Investors suing over American International Group’s bailout have law and gall on their side. With Hank Greenberg, the insurer’s pesky former chief executive, leading the charge, claims that Uncle Sam cheated shareholders while also saving them may actually succeed at trial. Extracting terms like an equity stake and seemingly punitive lending rates in exchange for rescuing AIG was legally questionable. The tricky part will be proving anyone lost in the deal.
AIG, after all, was on the brink of bankruptcy in September 2008, its shares in danger of becoming worthless. The government stepped in with an $85 billion loan and later injected nearly $100 billion more. The price: an 80 percent stake that grew to 92 percent; and loan terms that were higher than banks received in their bailouts.
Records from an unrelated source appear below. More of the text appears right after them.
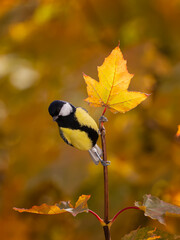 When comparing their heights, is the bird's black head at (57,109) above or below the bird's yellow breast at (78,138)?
above

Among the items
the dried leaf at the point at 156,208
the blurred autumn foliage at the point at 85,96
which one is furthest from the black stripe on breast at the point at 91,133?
the blurred autumn foliage at the point at 85,96

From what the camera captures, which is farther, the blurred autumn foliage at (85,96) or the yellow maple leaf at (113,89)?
the blurred autumn foliage at (85,96)

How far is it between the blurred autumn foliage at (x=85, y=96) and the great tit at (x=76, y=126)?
1.62 feet

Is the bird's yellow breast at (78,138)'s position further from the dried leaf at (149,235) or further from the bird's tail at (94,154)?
the dried leaf at (149,235)

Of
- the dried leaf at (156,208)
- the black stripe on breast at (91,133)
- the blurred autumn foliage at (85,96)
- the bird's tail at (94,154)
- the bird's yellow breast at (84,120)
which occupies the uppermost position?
the blurred autumn foliage at (85,96)

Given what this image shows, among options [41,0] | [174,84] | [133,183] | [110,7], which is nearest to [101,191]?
[133,183]

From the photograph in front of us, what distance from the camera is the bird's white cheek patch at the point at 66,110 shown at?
0.26 metres

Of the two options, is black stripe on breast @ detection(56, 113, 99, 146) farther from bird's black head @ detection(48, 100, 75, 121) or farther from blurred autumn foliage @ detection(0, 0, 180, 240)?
blurred autumn foliage @ detection(0, 0, 180, 240)

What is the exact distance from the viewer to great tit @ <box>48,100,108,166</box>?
10.2 inches

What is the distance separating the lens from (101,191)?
3.06 feet

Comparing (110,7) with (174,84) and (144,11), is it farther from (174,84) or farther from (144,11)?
(174,84)

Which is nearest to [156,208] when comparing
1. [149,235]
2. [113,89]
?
[149,235]

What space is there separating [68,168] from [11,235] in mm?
445

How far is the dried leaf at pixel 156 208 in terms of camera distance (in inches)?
12.4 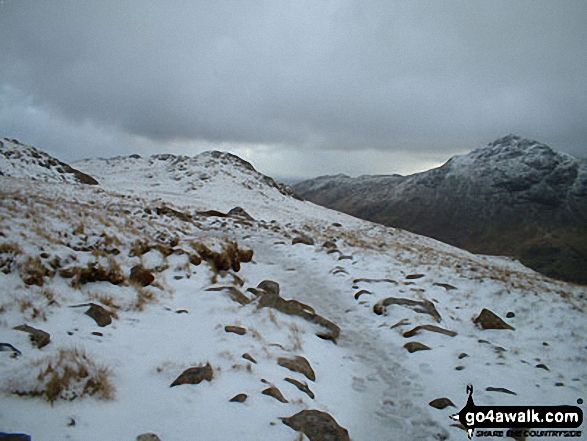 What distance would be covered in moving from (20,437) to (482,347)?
8801 mm

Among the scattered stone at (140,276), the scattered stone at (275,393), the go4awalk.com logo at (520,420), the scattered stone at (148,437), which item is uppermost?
the scattered stone at (140,276)

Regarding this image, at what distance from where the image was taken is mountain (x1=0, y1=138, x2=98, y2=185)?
37688 mm

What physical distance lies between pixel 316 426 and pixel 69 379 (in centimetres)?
340

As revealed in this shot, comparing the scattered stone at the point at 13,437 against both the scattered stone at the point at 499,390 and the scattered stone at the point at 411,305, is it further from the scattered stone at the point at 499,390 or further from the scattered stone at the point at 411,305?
the scattered stone at the point at 411,305

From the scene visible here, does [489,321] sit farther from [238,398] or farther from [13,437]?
[13,437]

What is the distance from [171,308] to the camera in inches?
325

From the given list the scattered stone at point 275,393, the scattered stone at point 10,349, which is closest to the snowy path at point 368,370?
the scattered stone at point 275,393

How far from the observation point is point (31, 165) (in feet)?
136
Uncle Sam ultimately made about $23 billion in the bargain, but shareholders also benefited. Today, the stock trades at about $54 a share.
But bankruptcy was never an option, the shareholders now claim. That’s because the government wouldn’t have allowed it, given the costly effect it would have had on AIG’s counterparties. The likes of former U.S. Treasury Secretary Timothy Geithner and former Federal Reserve Chairman Ben Bernanke will testify to that effect, they say. So the question is whether the inevitable bailout was legal.
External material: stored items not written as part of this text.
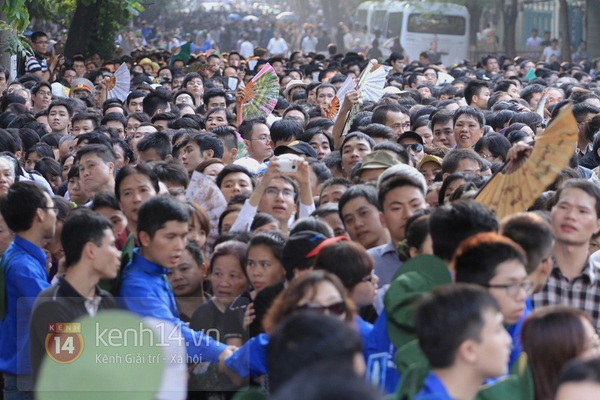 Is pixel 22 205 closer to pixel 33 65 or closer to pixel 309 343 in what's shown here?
pixel 309 343

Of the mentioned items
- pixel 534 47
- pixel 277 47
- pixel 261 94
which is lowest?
pixel 261 94

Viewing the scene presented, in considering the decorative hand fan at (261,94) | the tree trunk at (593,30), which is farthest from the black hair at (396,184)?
the tree trunk at (593,30)

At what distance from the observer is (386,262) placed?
444 cm

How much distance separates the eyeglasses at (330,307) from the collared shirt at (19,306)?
163 cm

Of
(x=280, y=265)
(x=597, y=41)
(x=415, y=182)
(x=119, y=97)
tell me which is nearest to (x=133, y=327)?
(x=280, y=265)

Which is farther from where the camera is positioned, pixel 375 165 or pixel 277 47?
pixel 277 47

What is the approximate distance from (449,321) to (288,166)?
2518mm

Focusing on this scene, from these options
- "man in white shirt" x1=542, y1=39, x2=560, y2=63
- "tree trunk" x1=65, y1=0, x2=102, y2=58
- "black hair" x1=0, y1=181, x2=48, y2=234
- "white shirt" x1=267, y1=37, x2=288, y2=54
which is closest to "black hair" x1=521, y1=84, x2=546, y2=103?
"black hair" x1=0, y1=181, x2=48, y2=234

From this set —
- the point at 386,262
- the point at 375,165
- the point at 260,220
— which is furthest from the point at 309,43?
the point at 386,262

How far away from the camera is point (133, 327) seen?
11.4ft

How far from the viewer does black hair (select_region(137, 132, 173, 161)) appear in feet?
23.3

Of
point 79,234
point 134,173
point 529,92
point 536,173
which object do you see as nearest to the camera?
point 79,234

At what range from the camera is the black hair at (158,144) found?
710 cm

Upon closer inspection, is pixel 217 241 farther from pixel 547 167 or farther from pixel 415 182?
pixel 547 167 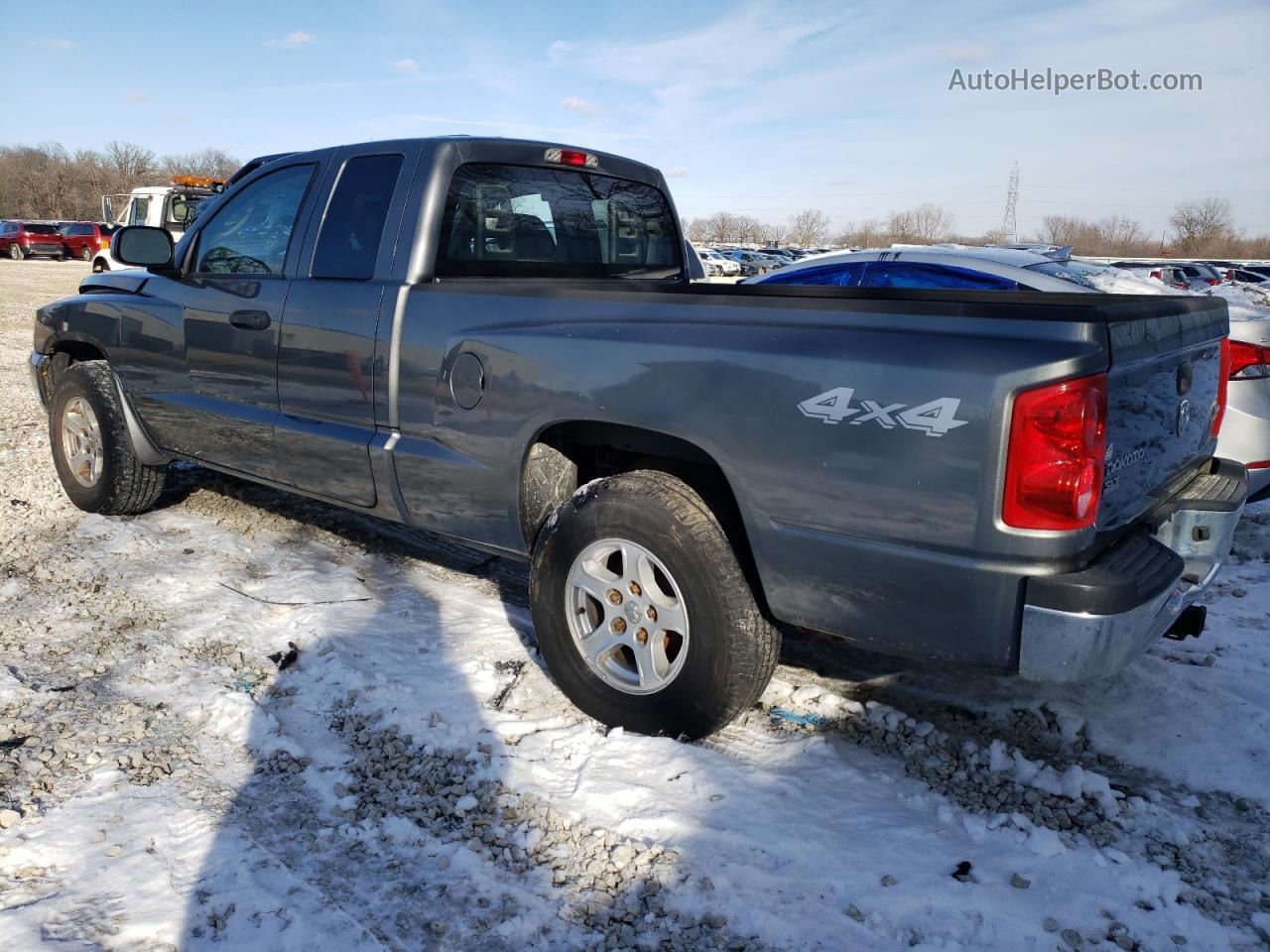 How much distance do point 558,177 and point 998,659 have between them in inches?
111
On its face, the statute authorizing the loan allowed the Fed to charge interest, but not to acquire equity. In any event, the Fed may never have approved the loan’s final terms. And while the AIG board probably did so – albeit under duress – stockholders didn’t vote on the dilution of their shares or a subsequent 20 to 1 reverse stock split necessary to accommodate the government’s stake. The upshot, they argue, is that Uncle Sam swiped their property illegally.
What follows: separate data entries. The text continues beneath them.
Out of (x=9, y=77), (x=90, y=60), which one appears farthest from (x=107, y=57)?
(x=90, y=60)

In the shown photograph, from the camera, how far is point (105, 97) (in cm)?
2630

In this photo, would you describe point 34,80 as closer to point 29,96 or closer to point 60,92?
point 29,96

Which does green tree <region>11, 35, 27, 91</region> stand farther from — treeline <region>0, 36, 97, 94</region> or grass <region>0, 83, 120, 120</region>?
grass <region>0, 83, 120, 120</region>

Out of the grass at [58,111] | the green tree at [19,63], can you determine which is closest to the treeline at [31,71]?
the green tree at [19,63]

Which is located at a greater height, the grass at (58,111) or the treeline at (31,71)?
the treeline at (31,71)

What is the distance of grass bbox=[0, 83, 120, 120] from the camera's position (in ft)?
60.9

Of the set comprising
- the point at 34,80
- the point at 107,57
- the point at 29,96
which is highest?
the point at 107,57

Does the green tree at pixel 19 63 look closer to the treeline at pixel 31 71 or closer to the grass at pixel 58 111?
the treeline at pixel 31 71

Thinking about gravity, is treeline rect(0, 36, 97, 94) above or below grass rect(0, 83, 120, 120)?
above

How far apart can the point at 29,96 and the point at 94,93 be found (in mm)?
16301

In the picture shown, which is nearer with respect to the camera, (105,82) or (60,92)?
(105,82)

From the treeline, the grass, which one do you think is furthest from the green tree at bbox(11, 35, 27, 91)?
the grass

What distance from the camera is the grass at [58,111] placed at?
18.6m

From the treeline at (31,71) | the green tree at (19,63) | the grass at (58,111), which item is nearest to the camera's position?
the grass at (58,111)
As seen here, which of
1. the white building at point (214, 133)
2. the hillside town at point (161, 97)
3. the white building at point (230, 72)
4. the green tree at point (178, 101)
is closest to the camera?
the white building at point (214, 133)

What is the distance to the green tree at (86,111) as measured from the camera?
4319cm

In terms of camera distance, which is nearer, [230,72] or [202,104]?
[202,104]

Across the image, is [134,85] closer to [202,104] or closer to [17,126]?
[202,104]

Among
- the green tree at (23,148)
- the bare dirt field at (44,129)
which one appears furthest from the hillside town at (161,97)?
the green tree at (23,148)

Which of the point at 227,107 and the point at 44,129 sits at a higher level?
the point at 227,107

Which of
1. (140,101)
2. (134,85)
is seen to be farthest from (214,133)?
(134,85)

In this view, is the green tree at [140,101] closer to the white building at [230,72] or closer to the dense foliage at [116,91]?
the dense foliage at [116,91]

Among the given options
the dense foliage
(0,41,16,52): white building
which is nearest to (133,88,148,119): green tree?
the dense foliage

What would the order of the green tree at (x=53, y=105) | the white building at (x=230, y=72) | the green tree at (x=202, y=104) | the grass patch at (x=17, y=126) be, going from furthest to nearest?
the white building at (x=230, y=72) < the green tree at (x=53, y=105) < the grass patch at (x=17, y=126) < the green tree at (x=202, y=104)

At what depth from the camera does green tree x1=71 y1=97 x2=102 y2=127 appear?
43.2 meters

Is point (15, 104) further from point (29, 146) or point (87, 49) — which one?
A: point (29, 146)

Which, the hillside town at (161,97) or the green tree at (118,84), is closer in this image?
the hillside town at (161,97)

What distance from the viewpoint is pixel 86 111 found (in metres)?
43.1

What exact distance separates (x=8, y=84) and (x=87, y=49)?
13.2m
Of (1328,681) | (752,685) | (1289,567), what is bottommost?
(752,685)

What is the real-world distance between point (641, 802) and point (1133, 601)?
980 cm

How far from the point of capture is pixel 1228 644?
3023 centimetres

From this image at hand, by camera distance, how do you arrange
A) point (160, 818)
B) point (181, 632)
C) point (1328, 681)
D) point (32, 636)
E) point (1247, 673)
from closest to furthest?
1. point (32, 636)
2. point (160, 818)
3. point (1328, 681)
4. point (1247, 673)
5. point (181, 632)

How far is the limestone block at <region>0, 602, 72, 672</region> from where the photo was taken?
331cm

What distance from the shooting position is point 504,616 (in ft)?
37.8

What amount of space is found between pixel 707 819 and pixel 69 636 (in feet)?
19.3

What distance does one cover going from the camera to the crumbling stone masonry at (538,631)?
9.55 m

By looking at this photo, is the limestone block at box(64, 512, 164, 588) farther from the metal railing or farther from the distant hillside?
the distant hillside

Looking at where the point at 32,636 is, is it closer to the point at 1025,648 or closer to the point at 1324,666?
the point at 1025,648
They have a point. Less clear is what they lost. The government says their 20 percent stake in AIG after the rescue was worth more than the 100 percent they owned before. But the investors argue that they’re owed the value of illegally seized assets: Shares worth about $35 billion immediately after the loan, plus related rights, for a total of some $40 billion.
That could be a tough sell, especially in the Court of Federal Claims, where judges lack the life tenure that shields other federal jurists from an unpopular decision’s fallout. The case somehow managed to make it to trial, though, a reminder never to underestimate the power of chutzpah – especially when wielded by Hank Greenberg.